Grounded theory is an epistemological crock really. It comes from the time when qualitative researchers were saying "look everyone, we are rigorous too, just like the number crunchers." The idea that your codes come purely from your data is an inductivist fable. I try to avoid methodological niches like this ("I'm using an X method approach" or whatever). I'm doing qualitative work. That's enough for me.

ebola? said:
And you guys don't begin with theory coursework? Odd...

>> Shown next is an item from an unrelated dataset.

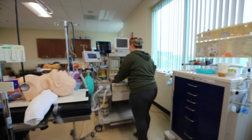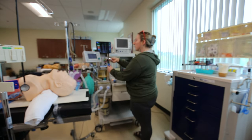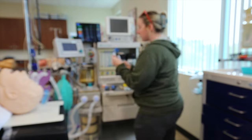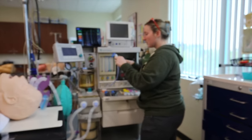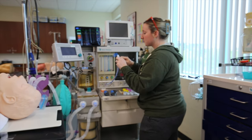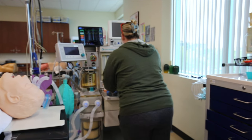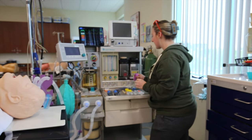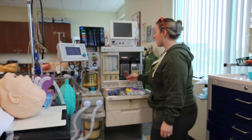For my airway, I have two laryngoscope blades with both lights working. I have an ET tube with a stylet, and I'm going to make sure it holds pressure. I have two OPAs in two varying sizes — size 90 — and I have a tongue blade machine, turning it on.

Yeah that's how it is in Australia. Three years, and you have to learn all your theory by yourself, and write the thesis (and publish) in those three years. My understanding is that the quality of Australian theses is internationally competitive, but I'm not sure where I stand on the coursework idea overall.
 
Grounded theory is an epistemological crock really. It comes from the time when qualitative researchers were saying "look everyone, we are rigorous too, just like the number crunchers." The idea that your codes come purely from your data is an inductivist fable. I try to avoid methodological niches like this ("I'm using an X method approach" or whatever). I'm doing qualitative work. That's enough for me.

I agree (mostly) with this statement. However, it would make my life even harder if I just told the IRB and my advisor that I am just doing "qualitative work." So I play the game and tell them something open enough to give me theoretical and methodological wiggle room but "understandable" enough to get me into the field. I have already had problems with one of the research gatekeepers for saying I want to do a grounded theory ethnography and my research proposal too theoretically.
 
Oh right yeah IRBs. Well they don't know anything about epistemology. You can just feed them whatever bullshit sounds acceptable and then do it properly later on. Ultimately it makes no difference, if they want a buzzword like 'grounded theory' then they can have it.